TBO
First of all, I have to mention this >>>> my first response to a TBO question and poem to boot. I consider it a privilege but long overdue.
I really like this poem. Very well done. Since you did not ask for a critique, and mine are really for learning purposes, I will respectfully respond to your question only.
What do you feel from MY POEM? I feel that in many ways I can identify with it. The person in this poem to me is one that had a chance and actually did experience some happiness in Christmas but was primarily obviated by drinking. For me, in was pornography and isolation - that being more important than family, and celebrating the birth of my Lord and Savior Jesus Christ.
Does this person in the poem remember a Christmas. (By the way, I just cannot say Happy Holiday. I am not happy during that time, but I am Merry, as in Merry Christmas. I do apologize to the minority that will disagree with me and probably hate me for it, but sorry, I can't help the feeling I get during Christmas)

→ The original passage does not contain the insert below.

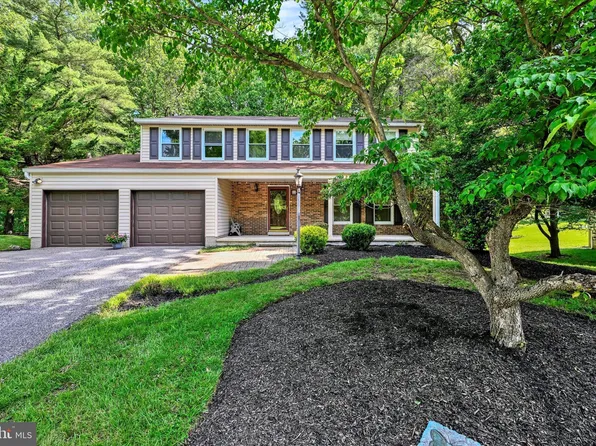 22 Woodholme Village Ct, Baltimore, MD 21208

Which brings me, TBO, to the one Christmas I can remember vividly. I did two things: 1) I worked almost all day long, by myself, alone in a large office 2) I then went home, by myself, isolated myself, did not talk to anyone, and immersed myself in pornography and masturbation. I did little or no thought in The Lord and birth of Jesus.

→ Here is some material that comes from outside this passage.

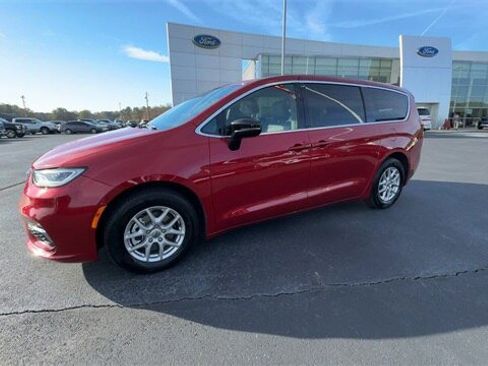 Used 2025 Chrysler Pacifica Select image 4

Imagine that, the Christmas I remember most is the one that I was the saddest.
Holidays aren't for Everyone? The second question you have >>> I agree here on two points. One, as already explained, to me this is not Holiday time but Christmas time. I understand there is some celebration of other faiths near Christmas, and there are those who do not believe, therefore we need to understand and tolerate that feeling, so now, we have "Holiday Trees" instead of Christmas trees. Again, I am sorry, but until Atheist become the majority in this country, I will respect any American as a person during Christmas, but for God's sake, this is Christmas time and Christmas spirit. I am also aware this is not the actual date of Jesus birth, but is celebrated Dec 25.
Two, as I have plainly experienced, Holiday's (Christmas) is not for everyone because one may not be in a place to witness and experience love, peace and grace, to give and receive love, to be joyful. The one Christmas I remember, the saddest one, you could have placed me in the middle of a family gathering and it would have made no difference. I would have displaced my anger, fear, and loathing of anyone who got in my way, so I could be back with my porn.
So TBO, awesome poem. It provokes a lot of feeling from me, and I am sure it has with others as well.
Keep up the great work of Poetry, and thank you personally for your help.